[[ Extracted information open ]]

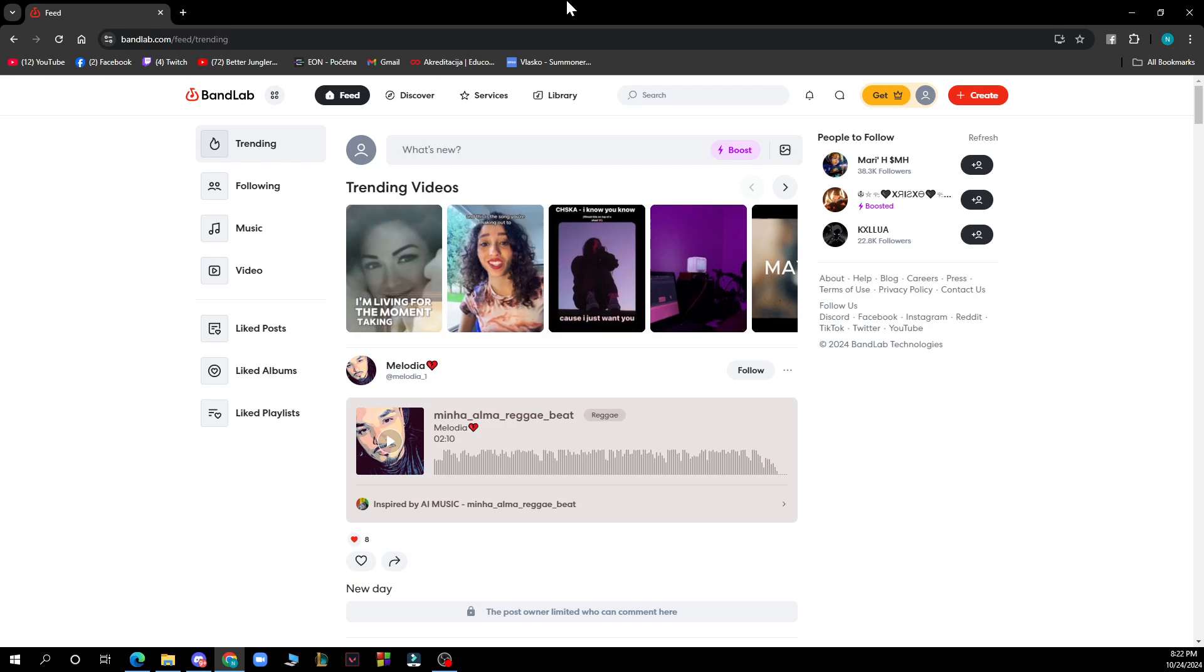bandlab.com. After that, you just need to go and log into your profile or register to BandLab if you haven't already done that. But now guys, let's see what we actually have in front of us here on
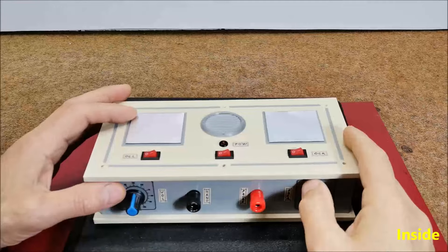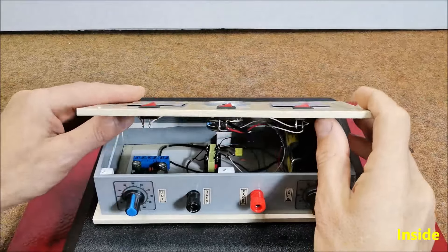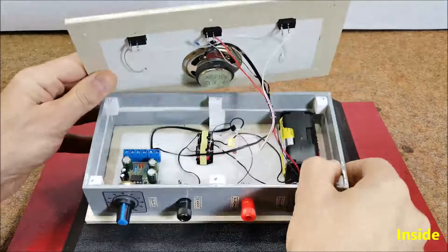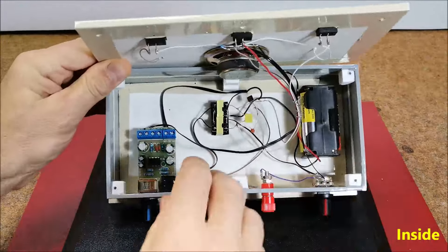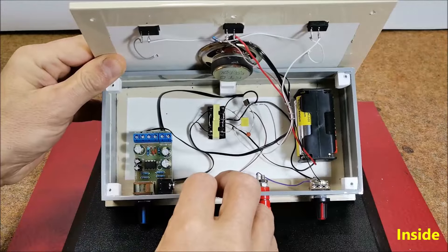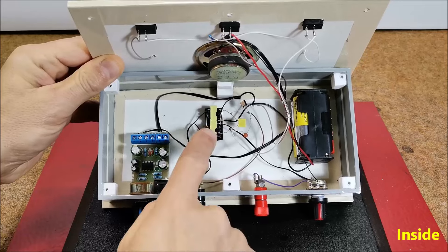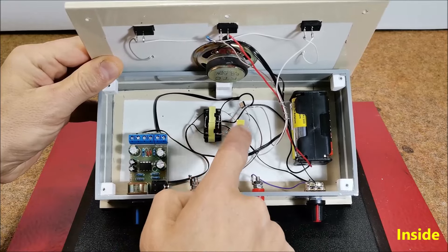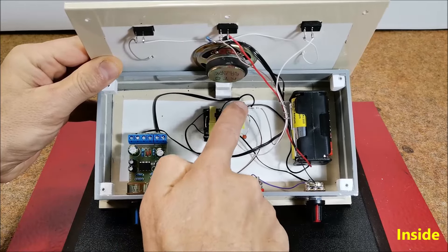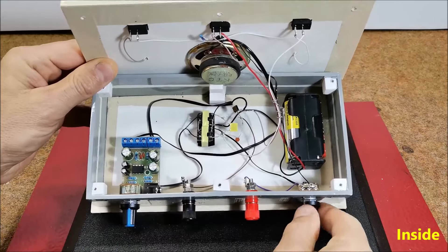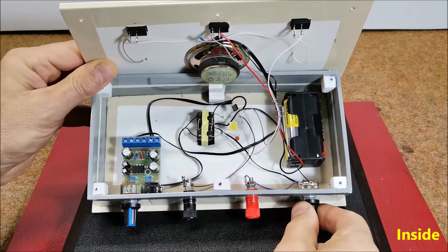And now let's look what's inside the box. The main circuit consists of trafo, two capacitors, transistor and potentiometer.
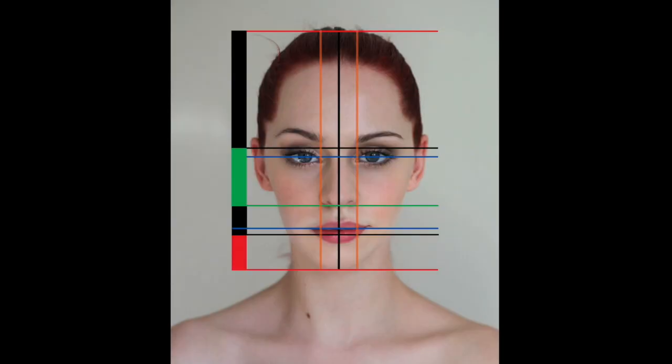Hey everybody, welcome back. We're going to continue doing faces, but take it in a different direction. Instead of using realistic proportions and keeping things tame, we're going to make caricatures. We're going to look at real photos of real people and see what we can pull out and exaggerate — which features we can notice, what nuances we can push to make more cartoon versions of people. Let's have some fun and do some caricatures.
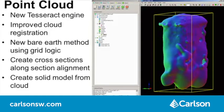CADNET also has a new engine option called Tesseract that is faster for viewing large models. New features include improved cloud registration, a new bare earth method using grid logic, and creating cross sections along an MXS file. The biggest new feature is creating solid models from point cloud data, such as for tunnels or underground cavities. Unlike a regular TIN ground surface, these solids wrap around and enclose a watertight volume.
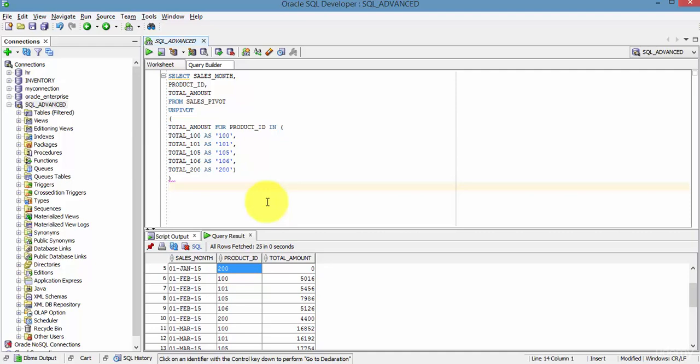And in most of the interviews you will be asked about this question: how do you transform rows to columns or columns to rows? So you need to know about the various ways how to achieve that.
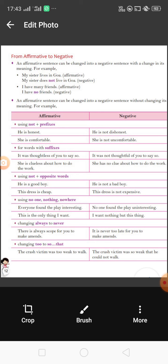Today's homework is: read these rules again and memorize all the rules, then solve the exercise. This is your homework. Thank you, have a nice day.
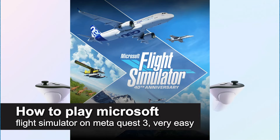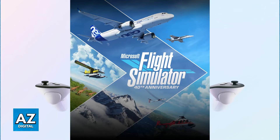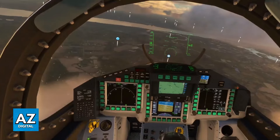In this video, I'm going to teach you how to play Microsoft Flight Simulator on your Meta Quest 3. It's a very easy process, so make sure to follow along. I'm going to go over the process to set up Microsoft Flight Simulator on your Meta Quest 3 VR headset, because while it isn't officially available natively on the Meta Quest 3 itself, you will still be able to use some alternative methods to get it working.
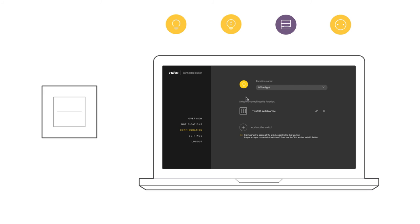Then, using the list, select which configured switches control this function. You may now operate this function from the Overview screen.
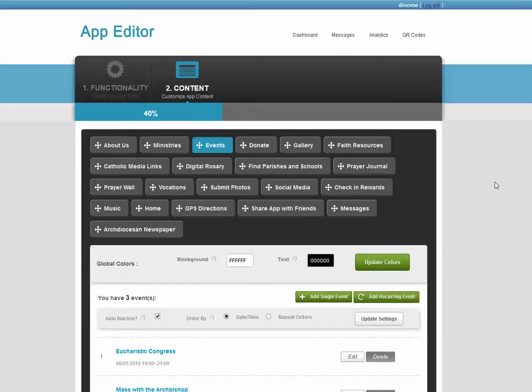Welcome to a brief tour of the mobile app editor. Once inside the editor, you have two main options. You can choose to edit content or functionality.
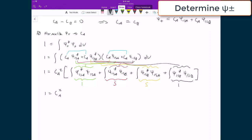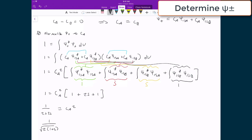What that means in the end is that 1 equals CA squared times (1 plus 2S plus 1). Moving the bracket term to the other side and dividing, I get CA squared equals 1 divided by (2 plus 2S), and so CA equals 1 over the square root of 2 times (1 plus S).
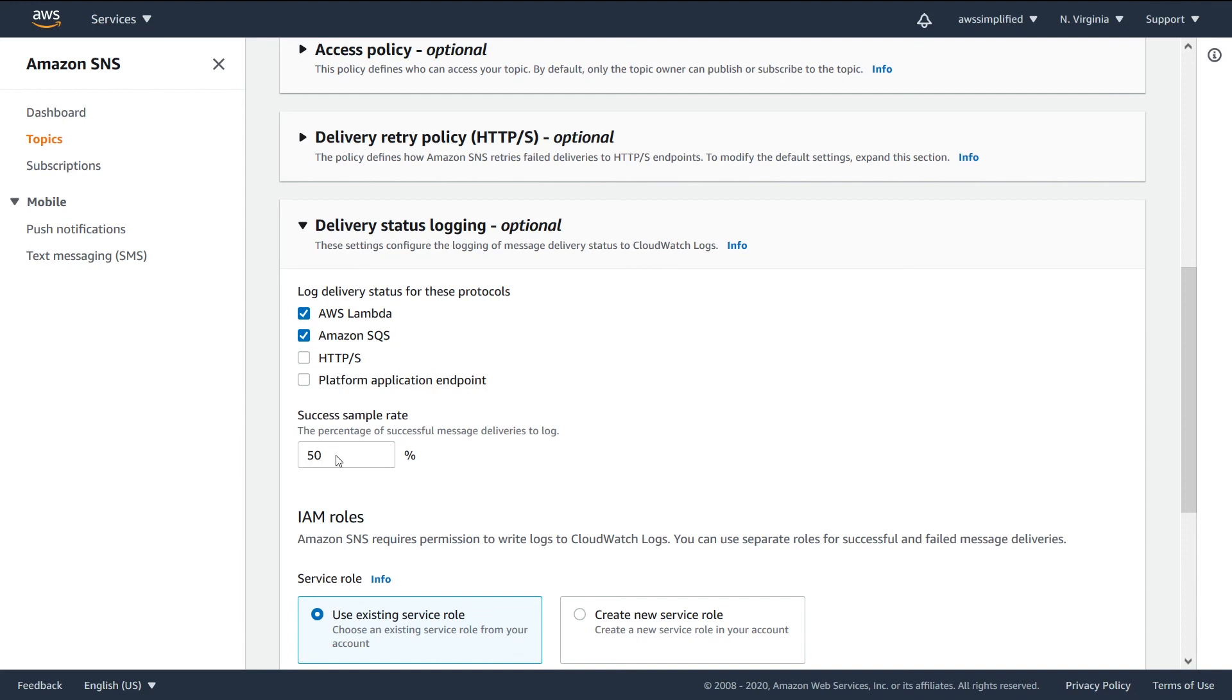So that's the reason that I say this is all or nothing. So if you're going to use this, you probably want to use 100%. Just be aware of some of the ramifications if you do that because it can get expensive very, very quickly.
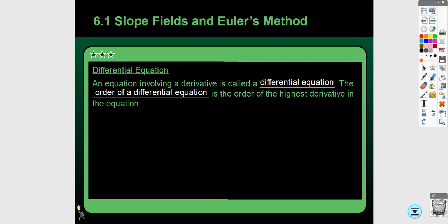Differential equations is something you may have heard of before — there are entire college courses dedicated to them. We're not going to do a whole lot with them here. An equation involving a derivative is called a differential equation. The order of a differential equation is the order of the highest derivative in the equation. In this class, you're only going to see first-order differential equations — ones that involve the first derivative. If a second derivative appears, it will be something very basic.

[[ Extracted information closed ]]

= Exercise objective =
Lines wanted from the entries above: the one with "And in most", the one with "In this video, I'm", and all lines between. Please copy them exactly, without the pictures and without anything else.

= Answer box =
And in most of the interviews you will be asked about this question: how do you transform rows to columns or columns to rows? So you need to know about the various ways how to achieve that.
Today's homework is: read these rules again and memorize all the rules, then solve the exercise. This is your homework. Thank you, have a nice day.
In this video, I'm going to teach you how to play Microsoft Flight Simulator on your Meta Quest 3. It's a very easy process, so make sure to follow along. I'm going to go over the process to set up Microsoft Flight Simulator on your Meta Quest 3 VR headset, because while it isn't officially available natively on the Meta Quest 3 itself, you will still be able to use some alternative methods to get it working.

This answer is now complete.